■ DATA BELOW
↓

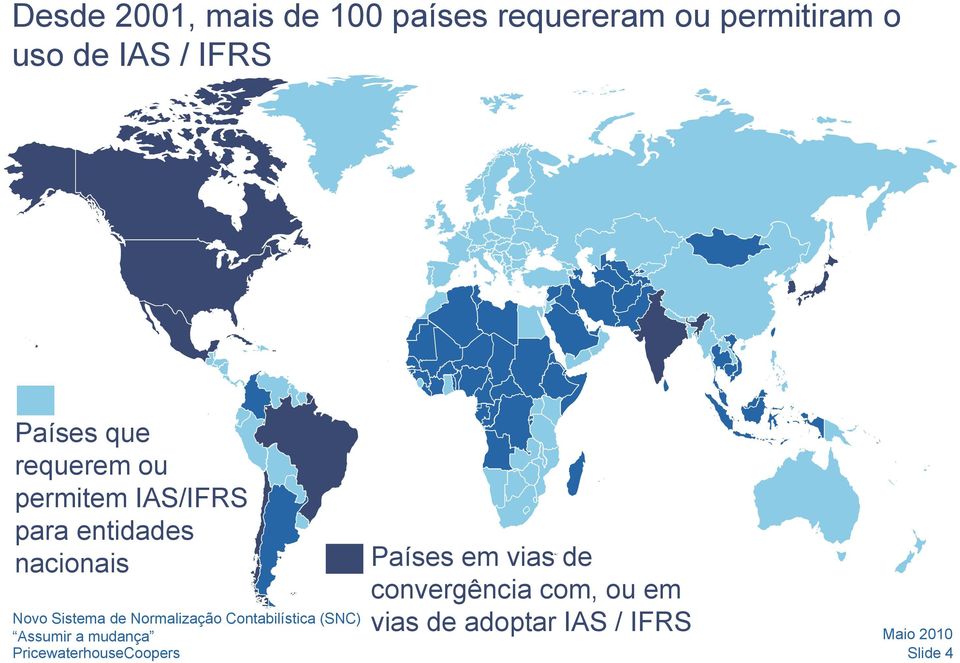 permitem IAS/IFRS para entidades nacionais Países em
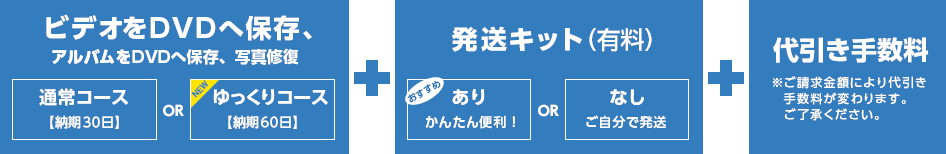 ビデオをDVDへ保存、アルバムをDVDへ保存、写真修復＋発送キット（有料）＋代引き手数料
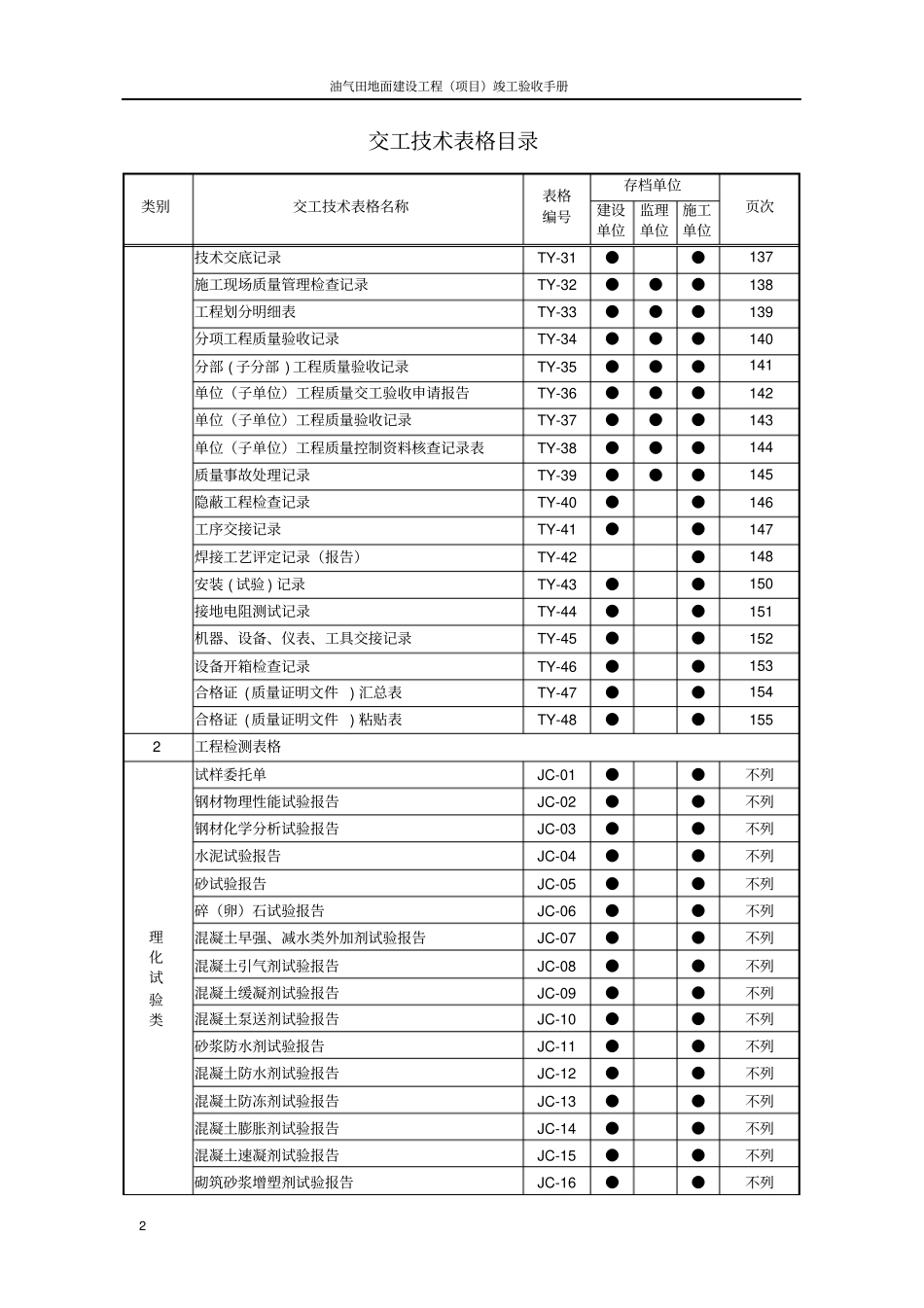 石化sy42002007通用部分表格填写范本说明2011年_第2页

↑

■ DIRECTIONS
In your copy of the material, every word must match and no image should appear.

■ RESULT
 permitem IAS/IFRS para entidades nacionais Países em
 ビデオをDVDへ保存、アルバムをDVDへ保存、写真修復＋発送キット（有料）＋代引き手数料
 石化sy42002007通用部分表格填写范本说明2011年_第2页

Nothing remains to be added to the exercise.